Thursday, September 10, 2009

Early Morning Slumber




Dear Fellow Seminary Students:

It is morning and my wife and children are still asleep. This is the best time of day for me to write and read, listen to chapel. I just took a hot bath, which seems to help my arthritic back. In many ways I am blessed to live and work here in Taejeon.

But students are not hungry. They are not in close contact with the source of their nourishment.

Christopher just woke up. He is five. I set up a place for him to sleep behind me. He likes to come in and sleep where I work in the early morning.

I have my text, "One Sacred Effort," by my side, sitting on a tall, thin table by my homemade computer desk, a board suspended across the middle level of an erstwhile closet in the classroom where I teach in my home.

I worried for awhile about whether I could learn everything in my text well enough to pass the test. We get only 24 hours to review before taking the test for the second time. I was told on the phone by Mr.
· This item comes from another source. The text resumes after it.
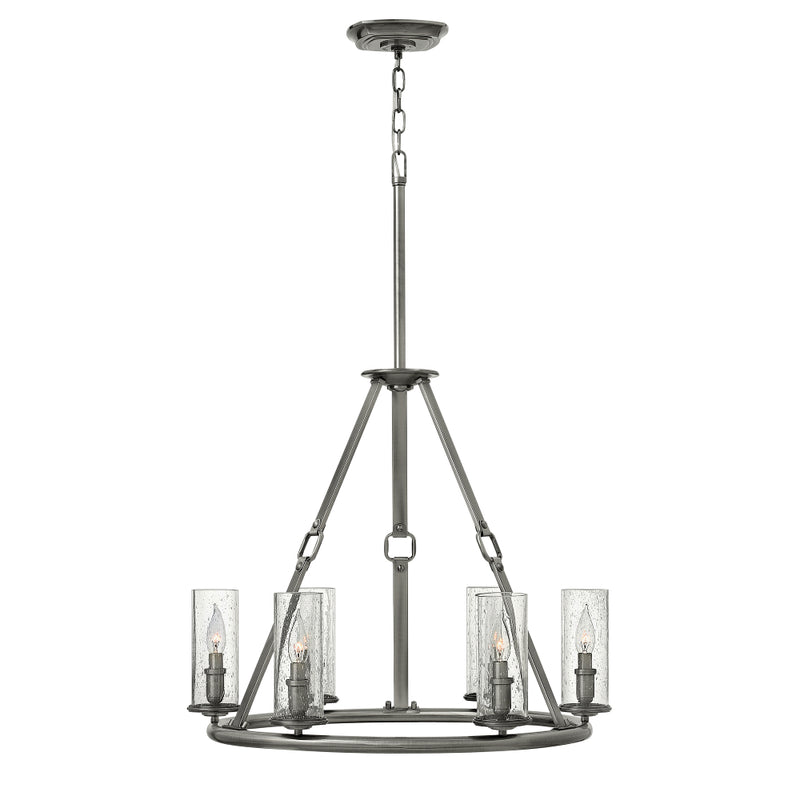 Hinkley HK-DAKOTA6 Dakota 6 Light Polished Antique Nickel Pendant Ceiling Light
Lasseter from Distance Learning that every time you read a date or a name you had better write it down and remember it. I haven't made a list yet, but I have read over the first few chapters several times, underlining and drawing a small circle in the margin beside each significant event.

My brain is no longer young, and I seem to have more trouble remembering things, though I am delighted each time I read again a portion of text that I had forgotten. It is a pleasure to read and learn.

Basic concepts stick in me a lot better than names and dates. For example, I have received the distinct impression that the Presbyterians are perhaps the closest "relative" we have in doctrine, our formal attitude towards holy scripture. And I understand that Catholics stand quite far apart on some points, in their insistence that certain additions and deletions are valid and necessary.

I understand that early in Baptist church history there was much dissension on just how much to join in cooperative mission work. Too, I have gained a much stronger understanding of how important it is that each church be clearly defined, concerning who are its deacons and how church membership is formed.

Well, I will study some more now, write again later. In chapel a week or so ago, Dr. Nelson noted that you can have a flawless logical argument and still be wrong. That gave me great comfort. I don't always have the tools to argue well with some of the smart hotdogs of the popular press. But instinctively I know they are sometimes wrong, despite their rhetoric, as I sense they are far from, heedless of, the central message of the gospel.